**SOURCE MATERIAL**
================================

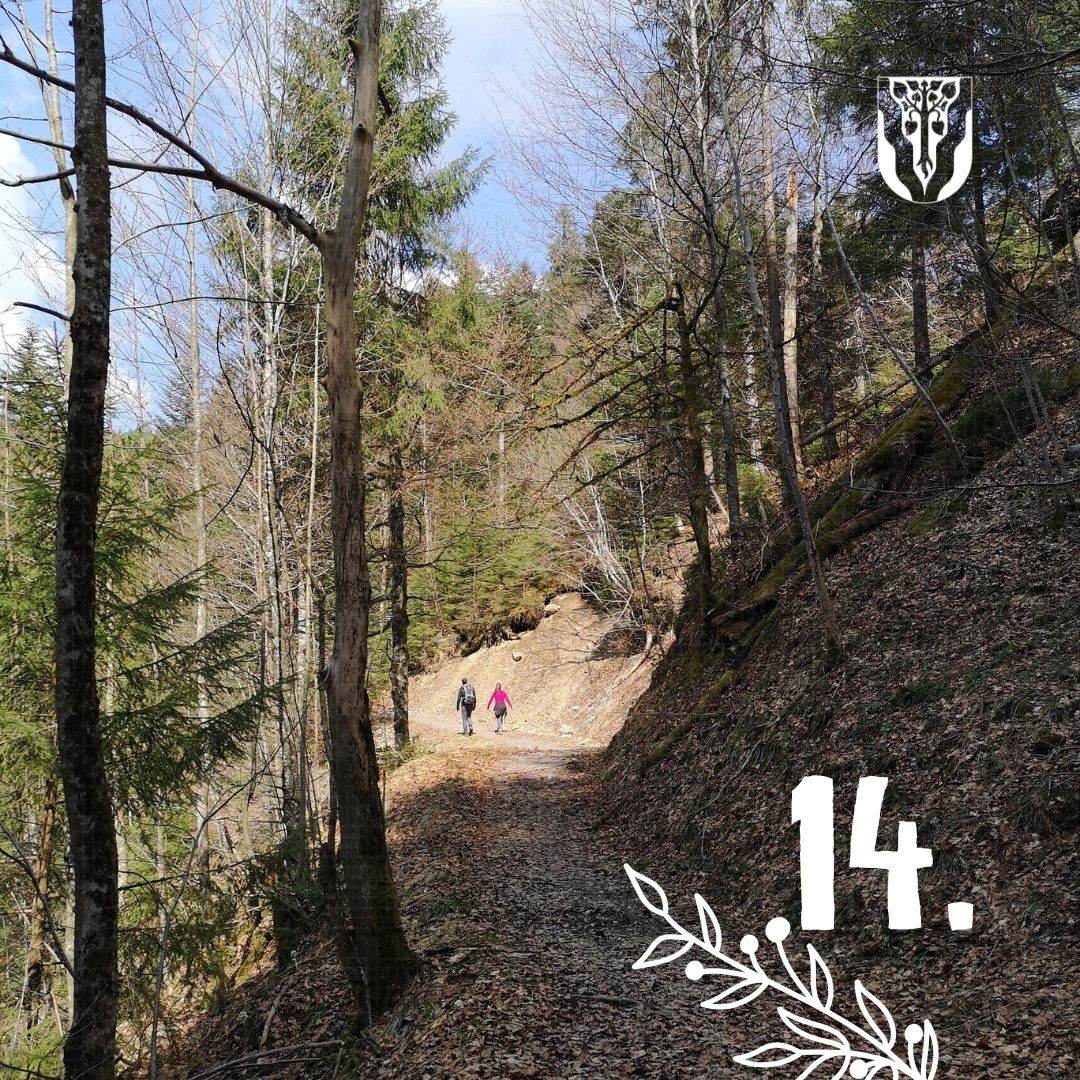 Ein Wanderweg umgeben von dichten Bäumen mit der Nummer 14 in der unteren rechten Ecke. Zwei Personen laufen auf dem Weg.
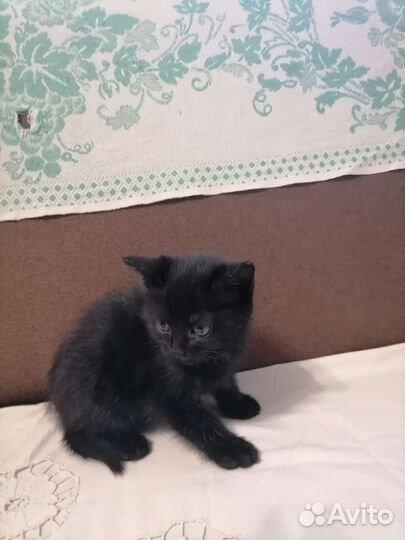 Кошка в дар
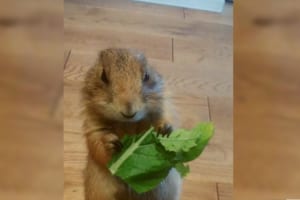 キッチンに妖精あらわる！もぐもぐする姿が最高にキュートなプレーリードッグ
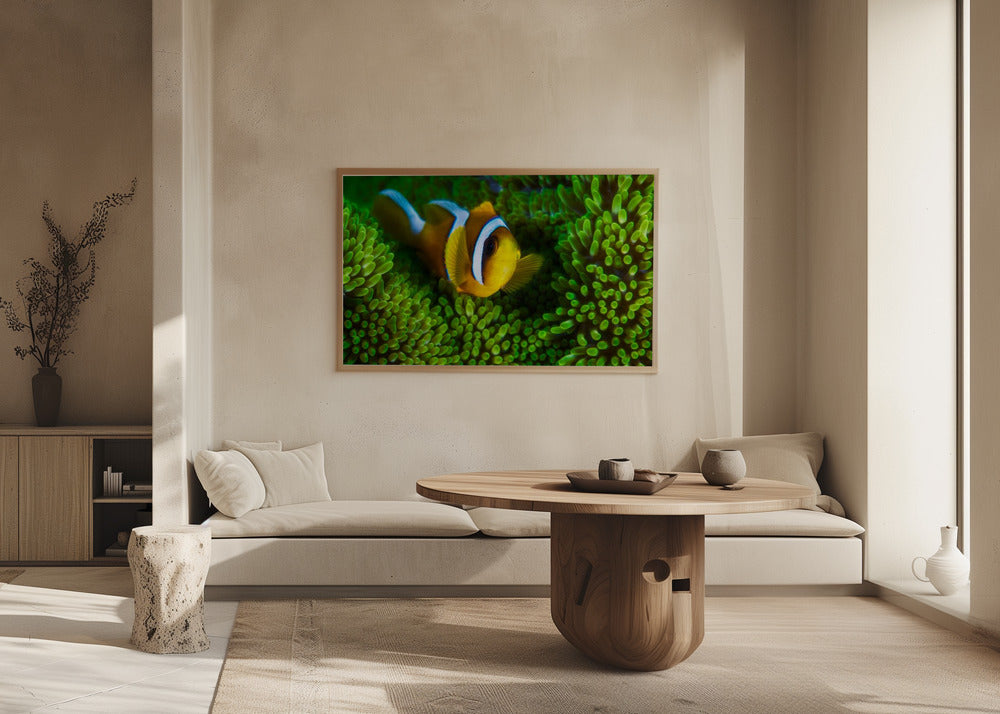 Yellow clownfish on green anemon Poster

================================

**WORK INSTRUCTIONS**
Write the listing out exactly, apart from its pictures.

**RESPONSE**
 Ein Wanderweg umgeben von dichten Bäumen mit der Nummer 14 in der unteren rechten Ecke. Zwei Personen laufen auf dem Weg.
 Кошка в дар
 キッチンに妖精あらわる！もぐもぐする姿が最高にキュートなプレーリードッグ
 Yellow clownfish on green anemon Poster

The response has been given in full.